40x60cm. We use the Dupont ink with it - like most printers do. We have very good support - very important !!! 
Susan


----------



## zoom_monster (Sep 20, 2006)

It's not the printer. It's the service. Who can you buy from that will take care of you (ink, Repairs, Training)?


----------



## hikaru77 (May 1, 2009)

zoom_monster said:


> It's not the printer. It's the service. Who can you buy from that will take care of you (ink, Repairs, Training)?


Yes, they will take care of all it, but I'm still undecided between these two machines:


----------



## sunnydayz (Jun 22, 2007)

I would think another thing to take into consideration is the cost of consumables. Since it appears the Tex jet uses cartridges and the hm1 C I believe uses a bulk ink system, there might be quite a difference in your ink costs. Just something else to take into consideration. Also I believe the HM1 C has the wims circulation system, does the Tex jet have anyway that it mixes the white ink? This can make a big difference in maintenance on the machine.


----------



## hikaru77 (May 1, 2009)

sunnydayz said:


> I would think another thing to take into consideration is the cost of consumables. Since it appears the Tex jet uses cartridges and the hm1 C I believe uses a bulk ink system, there might be quite a difference in your ink costs. Just something else to take into consideration. Also I believe the HM1 C has the wims circulation system, does the Tex jet have anyway that it mixes the white ink?
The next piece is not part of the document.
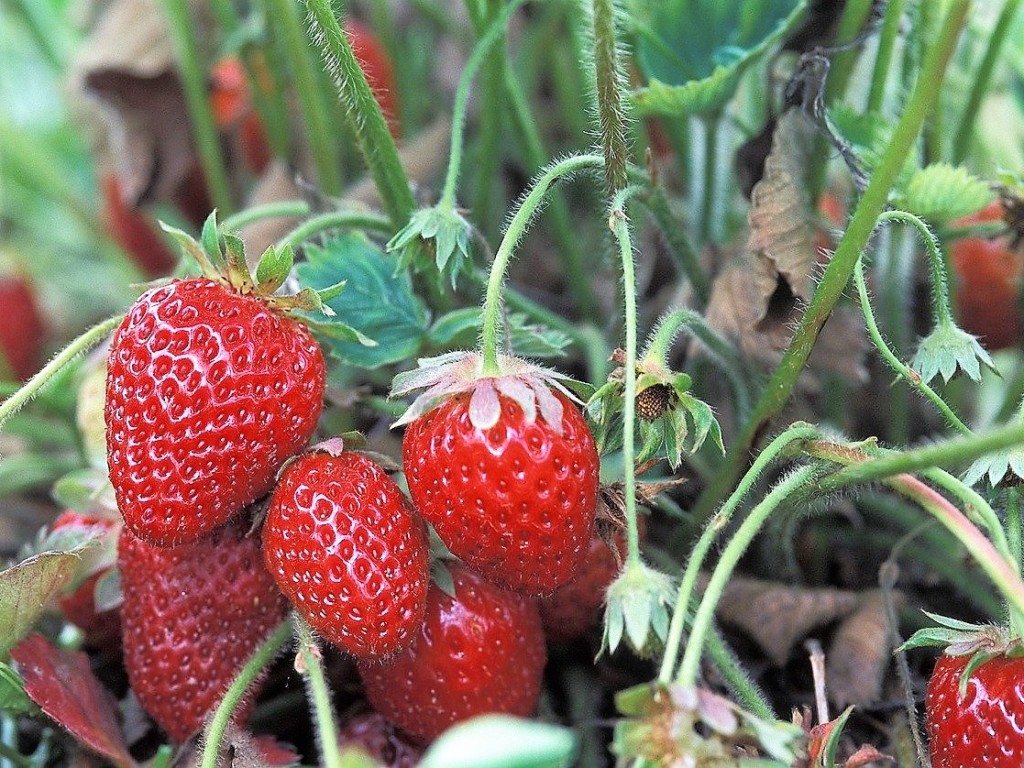 strawberries-11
This can make a big difference in maintenance on the machine.


 
I dont know much about the system, I know the TEXJET use refillable cartridges.
The price I have in Spain for the consumables is:

For DTG HM1
White 1 Litre: 365,40 € (euros)
Others 1 Litre: 249,40 € (euros)

For TEXJET
White 1 Litre: 313,20 € (euros)
Others 1 Litre: 278,40 € (euros)

Its Ok?
Remember Im new in all this.
By the way, sorry for my bad enlgish


----------



## equipmentzone (Mar 26, 2008)

According to the main DTG website (The DTG Inkjet Printer Range) the HM-1 model has been discontinued. DTG used to have all their equipment manufactured by Mastermind in Japan. It appears that DTG will no longer be getting printers from Mastermind and is having printers manufactured elsewhere. The discontinued models also seem to include the Eclipse D1, the Eclipse D2, and the Kiosk.

Harry - Equipment Zone


----------



## sunnydayz (Jun 22, 2007)

I believe the HM1 is now the HM1 C, If I am not mistaken.


----------



## hikaru77 (May 1, 2009)

equipmentzone said:


> According to the main DTG website (The DTG Inkjet Printer Range) the HM-1 model has been discontinued. DTG used to have all their equipment manufactured by Mastermind in Japan. It appears that DTG will no longer be getting printers from Mastermind and is having printers manufactured elsewhere. The discontinued models also seem to include the Eclipse D1, the Eclipse D2, and the Kiosk.
> 
> Harry - Equipment Zone


And do you think this may affect me in the future if I decide the DTG? :tipthank:


----------



## Don-ColDesi (Oct 18, 2006)

Harry is correct, the HM-1 is discontinued, it was replaced by the HM-1 C about 7 months ago. Besides, isn't it the company that stands behind the equipment that matters? Seems to me that some very prominent figures here have continued to reassure folks that there will be parts and service for their T-Jets for years to come, even though the manufacturer went out of business and there are no solid answers to what will happen to the remnants. The four major entities of DTG - SWF East, Mesa Distributors, Impression Technologies and Impression Technologies Europe are all very solid companies with bases far broader than the direct to garment marketplace. Simple business logic says that they will not risk their long term reputation for short term gain, or, as my pastor says - "Don't sacrifice the eternal on the altar of the immediate".


----------



## equipmentzone (Mar 26, 2008)

hikaru77 said:


> Hi, Im from Spain and Im thinking to buy a printer.
> Actually I have two offers and I dont know wich is better, I need suggestions.
> DTG HM1 C and TEXJET...
> I hear much about DTG, but the problem is that DTG is 5000 € (Euros) more expensive.
> ...



hikaru77 from Spain was asking about the DTG HM1-C in Europe. The website of the European DTG distributor (The DTG Inkjet Printer Range) shows the HM1 as a discontinued model and does not show another model HM1 as a 2009 product offering. This applies, of course, for the European distributor and does not indicate what the status of the HM1-C is in other parts of the world. There have been reports that DTG will not be carrying printers made by Mastermind.

Harry - Equipment Zone


----------



## Don-ColDesi (Oct 18, 2006)

> There have been reports that DTG will not be carrying printers made by Mastermind.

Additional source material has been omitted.